Last fall, it felt like the world was on fire. Every time I turned on the news or picked up my phone the stories all seemed to be about violence, war, unrest, discontent, and uncertainty. My social media feed was full of tragedy and injustice. Our community experienced incredible loss. And so I found myself frustrated when the above quote from Julian of Norwich, a 14th century Christian Mystic, showed up with great regularity on Instagram memes and calligraphed water bottle stickers. How could people so blithely proclaim that all would be well when it seemed to me that the world was falling apart?

Out of that question I turned to Norwich’s work from which that quote is taken, Revelations of Divine Love. Written from visions she experienced on what she thought would be her deathbed, this work talks about the centrality of Christ’s passion, to understanding the human life which is so often lived in the midst of tragedy, suffering, and death. Were it not for the events of Good Friday that our texts today tell about and point to, we would have no choice but to lose ourselves to despair about our lives and the life of the world. But in Christ’s death, suffering and death of every kind have been subsumed and the world was changed.
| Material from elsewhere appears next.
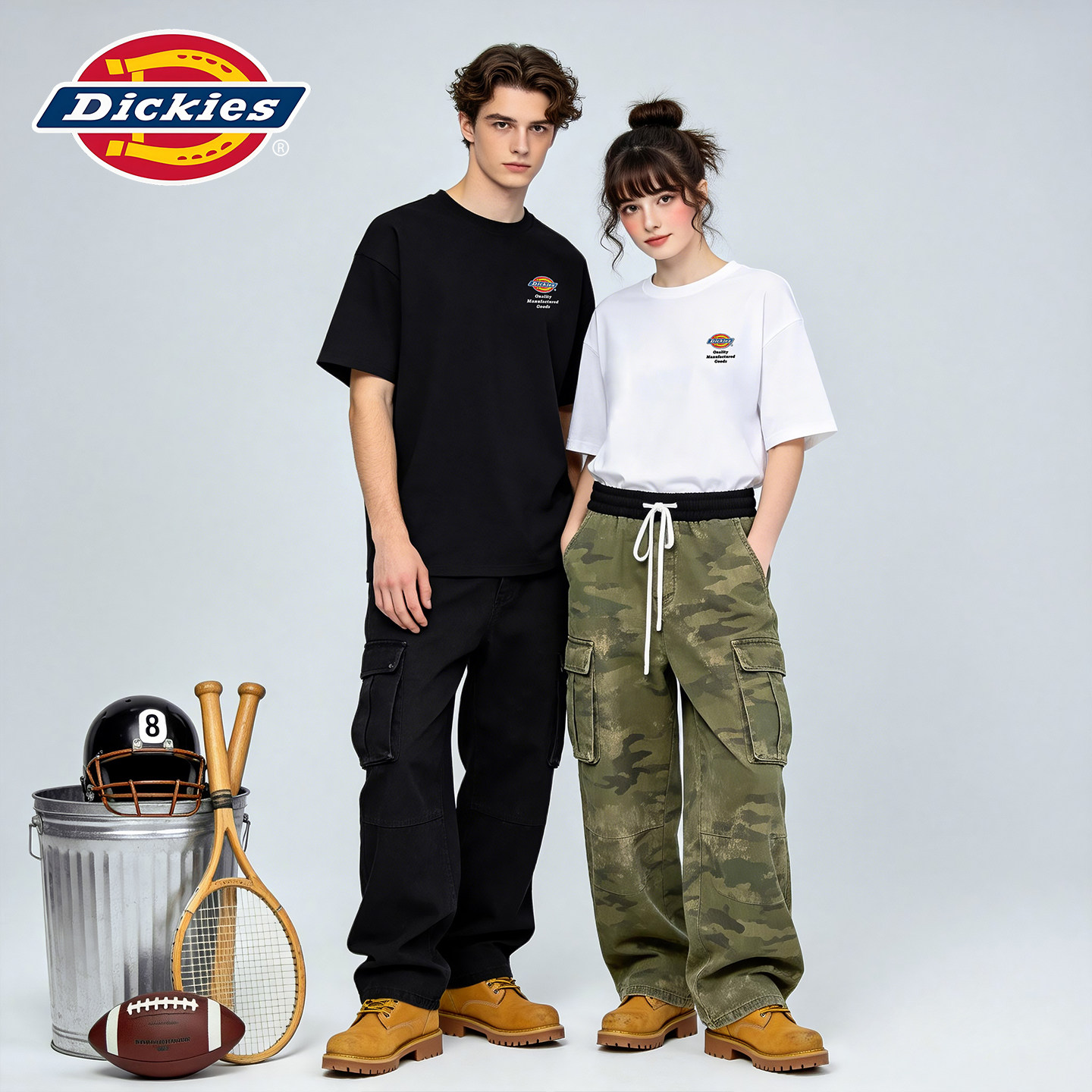 Dickies藏青色短袖T恤男夏季凉感重磅美式宽松休闲百搭上衣情侣款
It would be easier, perhaps, to skip over the difficulty of Good Friday and the grief of Jesus’ death straight to the hope and joy of Easter Sunday. Just as it would make life seem easier if we turned our eyes away from suffering and pain. Instead, we stop here each year because it is a reminder for us that God knows suffering, God knows pain, God knows death. We stop because it is a reminder that when we experience those things in our own lives we are not alone. We stop when it seems as though the world is on fire because we know that God is there, at work, even in the midst of tragedy and injustice. In the cross, God is at work redeeming and restoring the whole of the human experience, the good parts and the bad. We stop on this day and affirm that indeed “all shall be well and all manner of things shall be well.”